THE PROBLEM |
Find the line with "JEM: Journal of Environmental Management" in the entries below, then output every line from it down to the line with "คอยล์จุดระเบิด nissan march สภาพใหม่แท้ศูนย์", exactly and with no pictures.

Captioned web images |
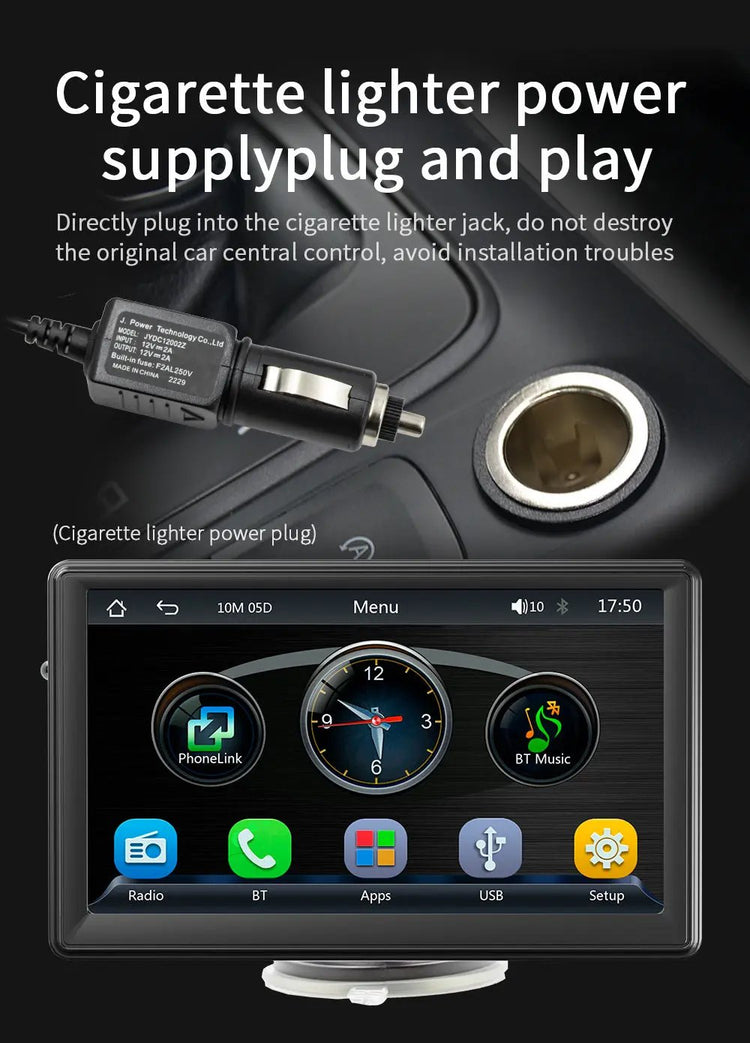 7-inch portable car Bluetooth player Top Shelf Find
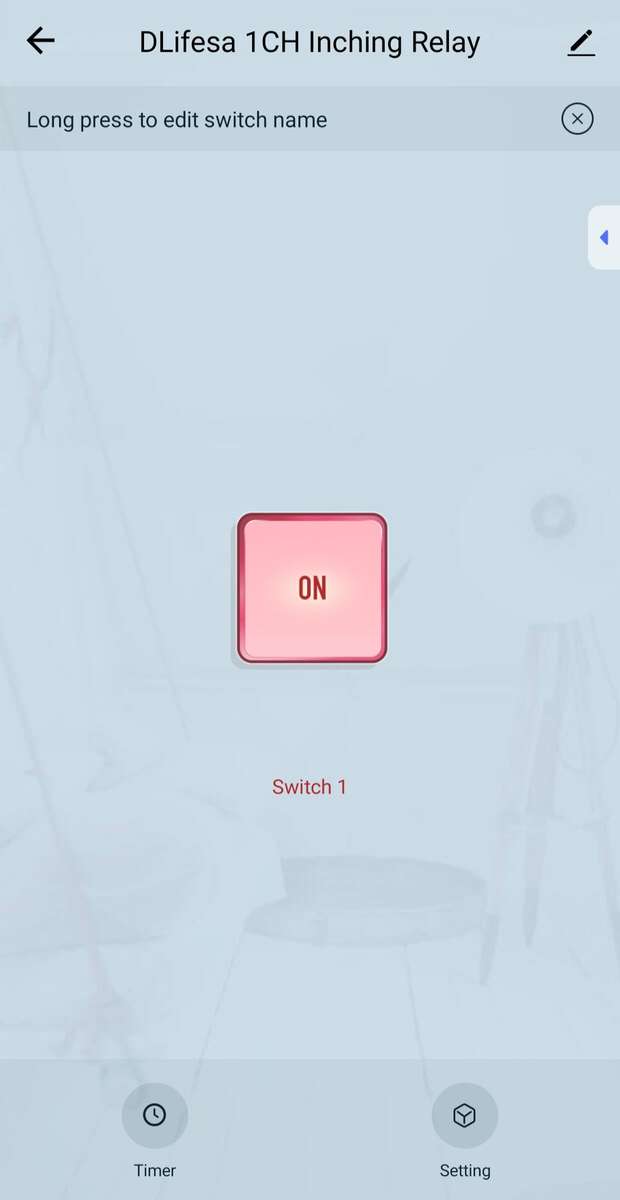 Smart Life Tuya WIFI 1CH 5V / 85-250V Door Gate Garage Opener Inching Relay Module w/ RF433Mhz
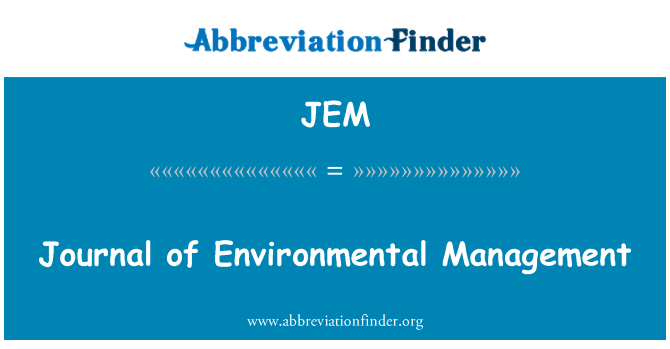 JEM: Journal of Environmental Management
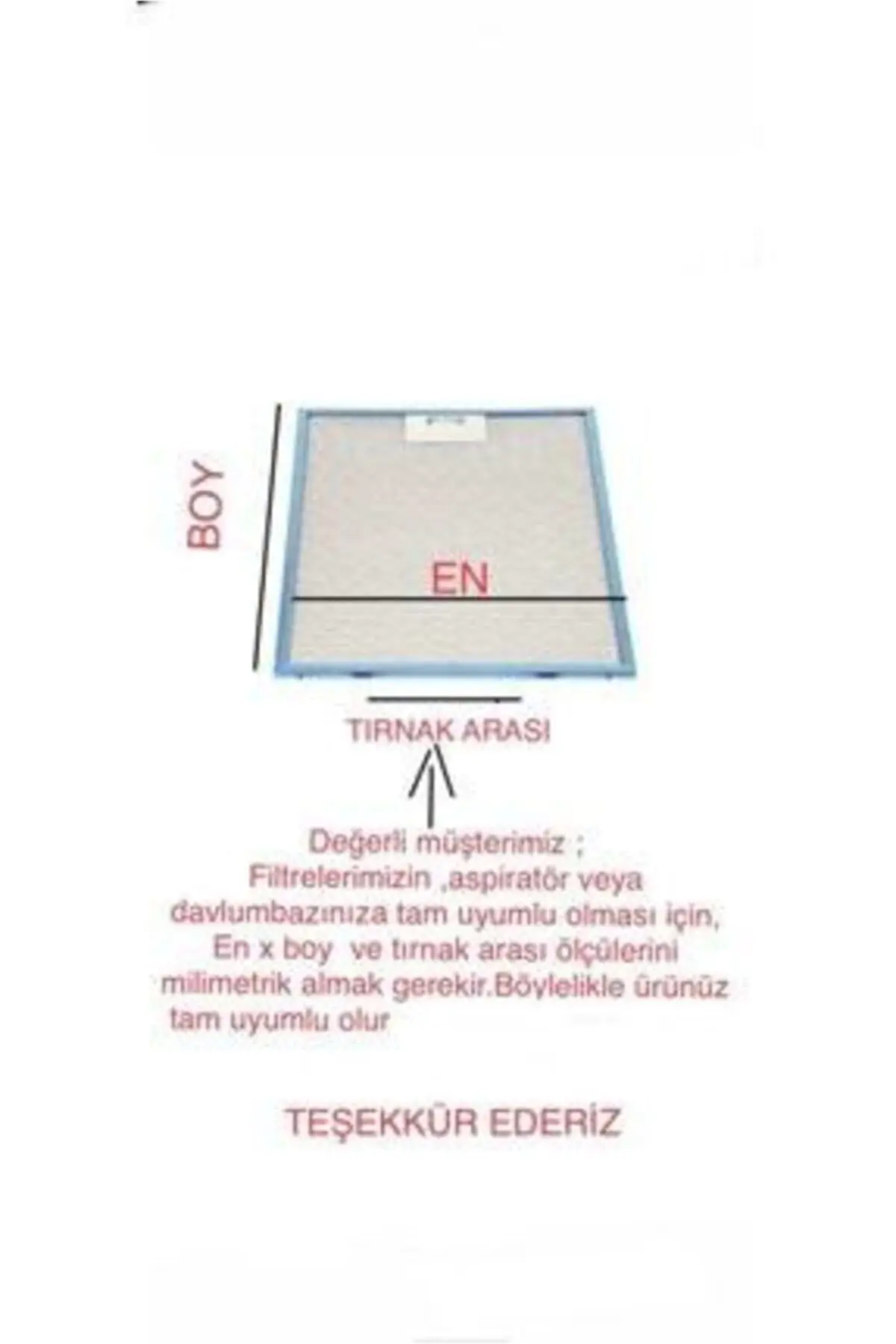 27,5x33,5cm Aspiratör-davlumbaz Yağ Filtresi Caspia En 27,5 Cm Boy 33,5 Cm 275x335 Mm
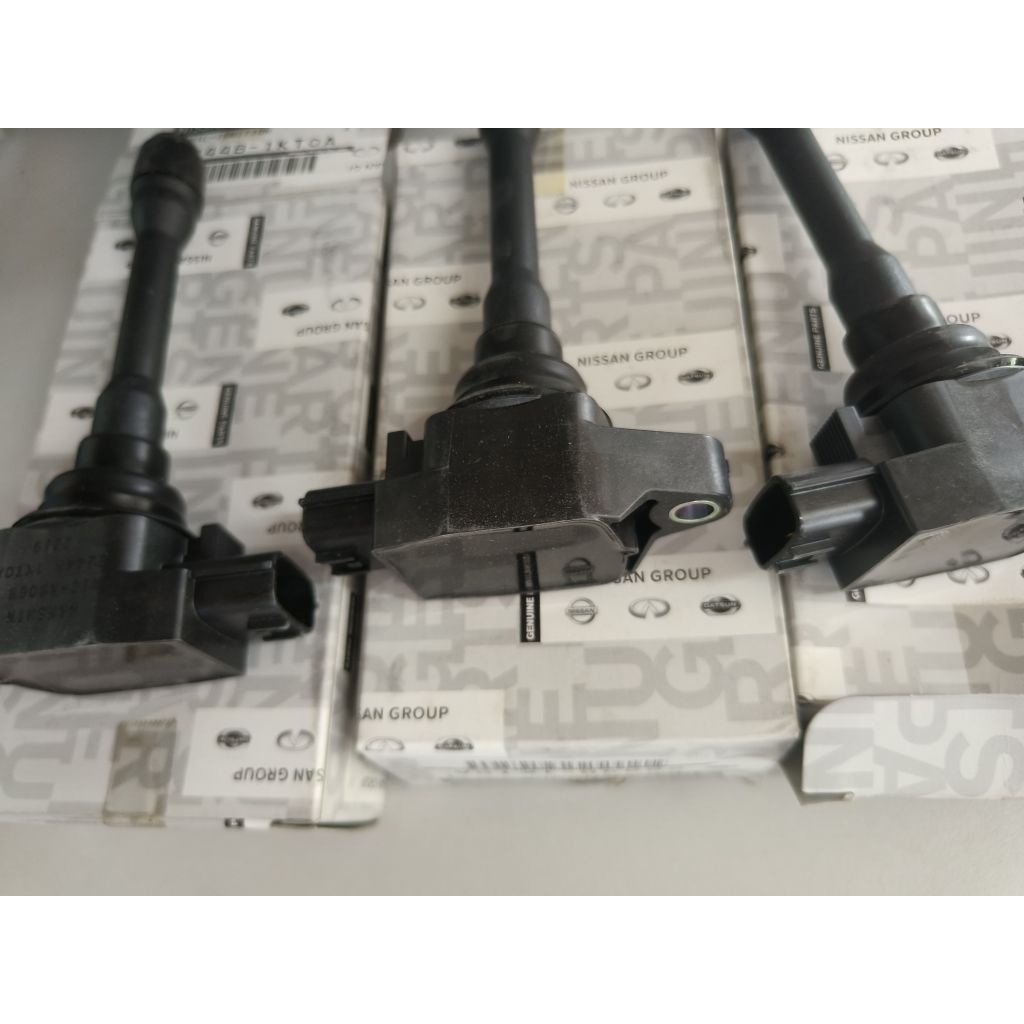 คอยล์จุดระเบิด nissan march สภาพใหม่แท้ศูนย์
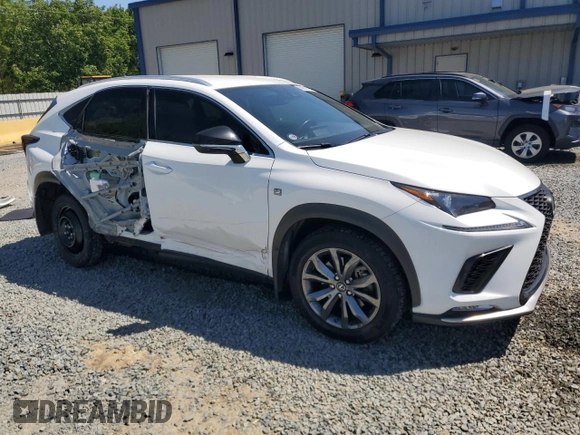 2020 Lexus NX 300 F Sport z VIN JTJJARBZ8L5005016, wystawiony jako Copart lot #53314025 z przebiegiem 93 850 mil mil oraz Szkoda całkowita • Salvage title. Historia ofert i sprzedaży dostępna na DreamBid. Obrazek 4.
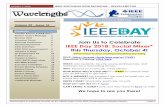 October ExCom & IEEE Day 1 Election 2018 3 Join Us to Celebrate IEEE Day 2018: Social ... · 2018. 12. 6. · IEEE Day – Social Mixer Please see the front page for details of this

TASK RESPONSE |
 JEM: Journal of Environmental Management
 27,5x33,5cm Aspiratör-davlumbaz Yağ Filtresi Caspia En 27,5 Cm Boy 33,5 Cm 275x335 Mm
 คอยล์จุดระเบิด nissan march สภาพใหม่แท้ศูนย์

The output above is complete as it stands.